Discussion in 'Homework Help' started by fan_boy17, May 8, 2012.

1. ### fan_boy17 Thread Starter New Member

Apr 17, 2012
12
0
The rear screen heater for the new Nisota saloon car will comprise 8 resistive filaments bonded to the surface of the glass and connected together in parallel. Each filament will be made from a material of resistivity 5 × 10^-7 ohm.m with a width of 1.2 mm, a thickness of 0.1 mm and a length of 1.2 m. The car battery will have a capacity of 80 A.hr, will provide an electromotive force of 12 V, and will be of negligible internal resistance.

what would be the total resistance in the heater?

I get 0.625ohms. is this correct?

if it is, would the total current drawn from the battery just be
I=V/R=12/0.625?

Last edited: May 8, 2012
2. ### #12 Expert

Nov 30, 2010
18,076
9,678
Your definition of resistivity doesn't make sense to me. 5 E-7 m whats? Milliohms per meter^3?

3. ### fan_boy17 Thread Starter New Member

Apr 17, 2012
12
0
the resistivity is 5x10^-7 ohm per meter

4. ### WBahn Moderator

Mar 31, 2012
23,856
7,382
I would be highly, highly surprised at this. While Ω/m might be used to describe the resistance of wires made of this stuff, it won't be much of a heater if a meter of the stuff only has half a microohm of resistance.

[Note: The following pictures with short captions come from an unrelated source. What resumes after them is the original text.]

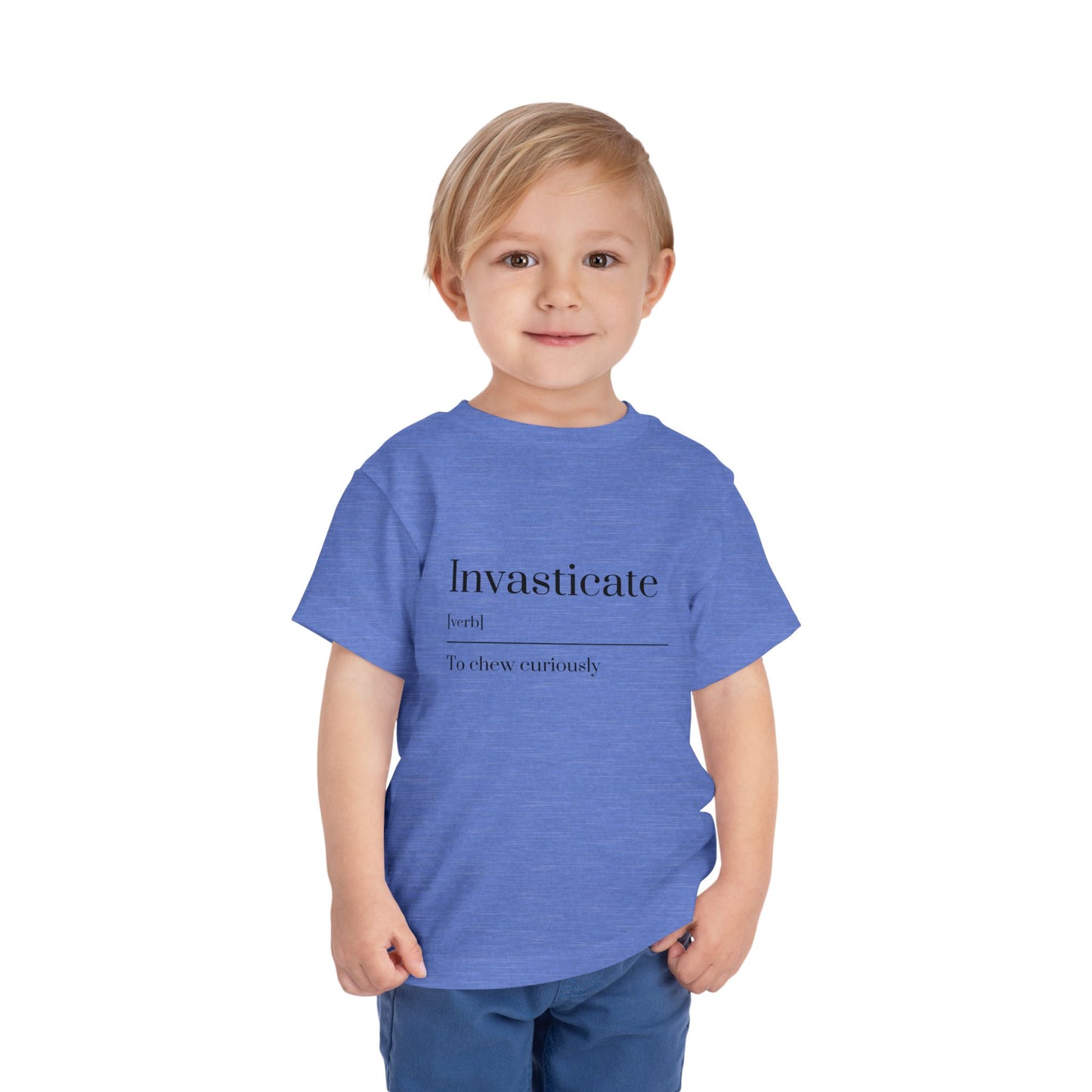 Curious Toddler Tee - Cute Short Sleeve Shirt, Kids Gift, Playful T-Shirt, Educational Apparel, Toddler Clothes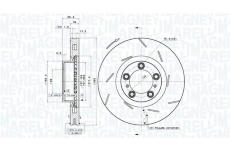 Brzdový kotouč MAGNETI MARELLI 360406163101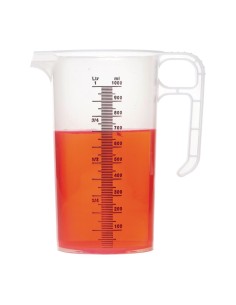 Pichet mesureur 1L en polypropylène - Pro-Measures 2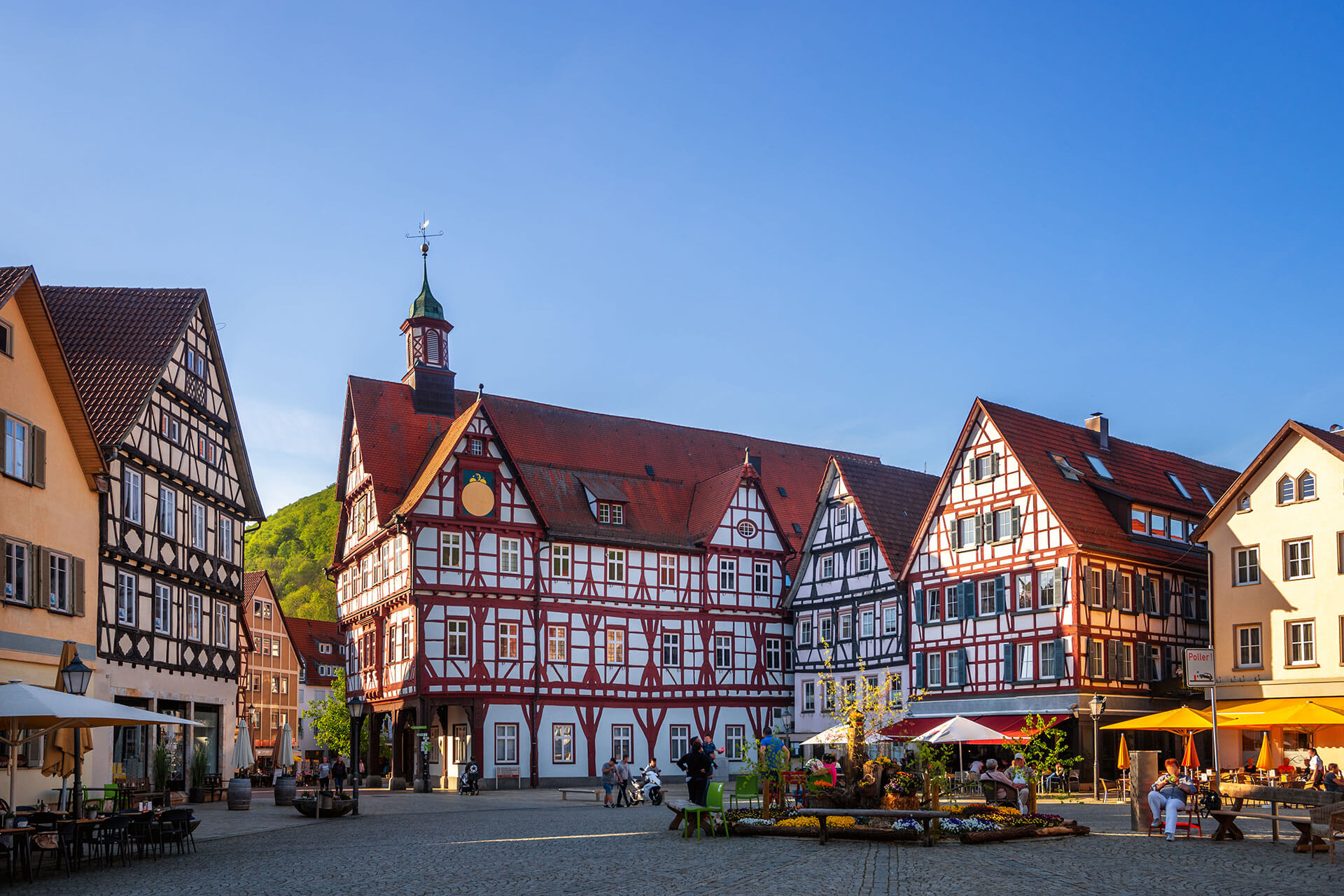 Marktplatz der Stadt Bad Aurach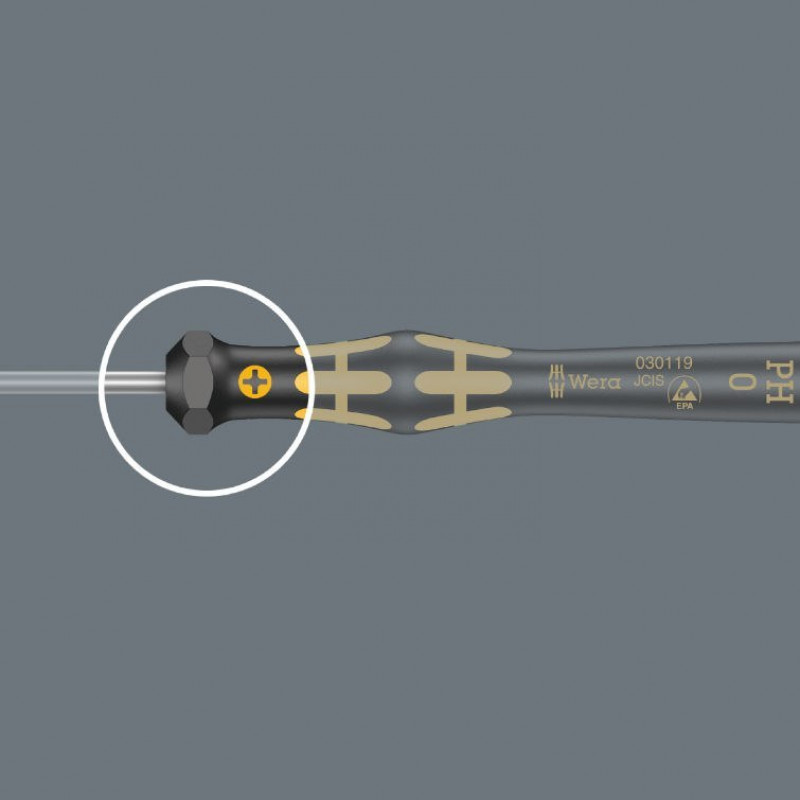 Набір із 6 прецизійних викруток для ремонту смартфонів. Набір 1 Kraftform Micro ESD, Wera [05030182001]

It is much, much more likely that the bulk resistivity of the material is (5E-7)Ωm, which, by the way, is how you obviously used it to come up with 5Ω for each of the 8 lines to yield 0.625Ω overall.

Yes, the current drawn from the batter would then be I = V/R = 12V/0.625Ω = 19.2A.

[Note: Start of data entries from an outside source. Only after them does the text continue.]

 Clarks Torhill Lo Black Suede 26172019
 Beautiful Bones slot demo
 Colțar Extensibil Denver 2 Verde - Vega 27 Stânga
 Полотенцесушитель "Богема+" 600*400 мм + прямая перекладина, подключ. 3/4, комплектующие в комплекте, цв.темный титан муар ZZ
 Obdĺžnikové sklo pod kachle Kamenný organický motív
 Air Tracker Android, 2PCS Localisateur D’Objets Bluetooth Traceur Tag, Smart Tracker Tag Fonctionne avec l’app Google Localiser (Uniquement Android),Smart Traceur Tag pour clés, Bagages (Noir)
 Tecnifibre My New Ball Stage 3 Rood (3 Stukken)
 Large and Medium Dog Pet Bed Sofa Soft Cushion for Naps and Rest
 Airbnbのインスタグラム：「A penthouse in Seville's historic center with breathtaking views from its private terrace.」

Do you want the engineer that is designing the electrical system in your car to be lucky, or thorough and competent?

5. ### JoeJester AAC Fanatic!

Apr 26, 2005
4,018
1,772
did you forget the length of the wires were 1.2 meters and if you assumed the resistivity was 5 ohms per meter, you need to account for that other 0.2 meters in your calculation. Eight 1.2 meter pieces in parallel is not 0.625 ohms as you have calculated. Eight 1 meter pieces in parallel is the 0.625 ohms that you have calculated.

6. ### WBahn Moderator

Mar 31, 2012
23,856
7,382
Who's assuming 5Ω/m?

The choices are a resistivity of 5E-7Ωm, or a "resistivity" of 5E-7Ω/m. The problem states that the given resistivity is a property of the material and bulk resistivity has units of resistance times length. The second "resistivity" would be a property not only of the material, but also of the shape of the material and is more properly referred to as "length resistance" or "wire resistance".

For a rectangular resistor that is WxTxL (connected on the two WxT ends) and bulk resistivity rho, the resistance is:

$
R = \rho \frac{L}{WT}
$

So, in this case, the resistance of each filament is:

$
R = 5 \times 10^{-7} \Omega m \frac{1.2m}{(1.2mm)(0.1mm)}
R = 5 \times 10^{-7} \Omega m \left(\frac{1.2m}{(1.2mm)(0.1mm)}\right)\left( \frac{10^3mm}{1m}\right)\left( \frac{10^3mm}{1m}\right)
R = \frac{(5)(10^{-7})(1.2)(10^3)(10^3)}{(1.2)(0.1)}\Omega \ = 5\Omega
$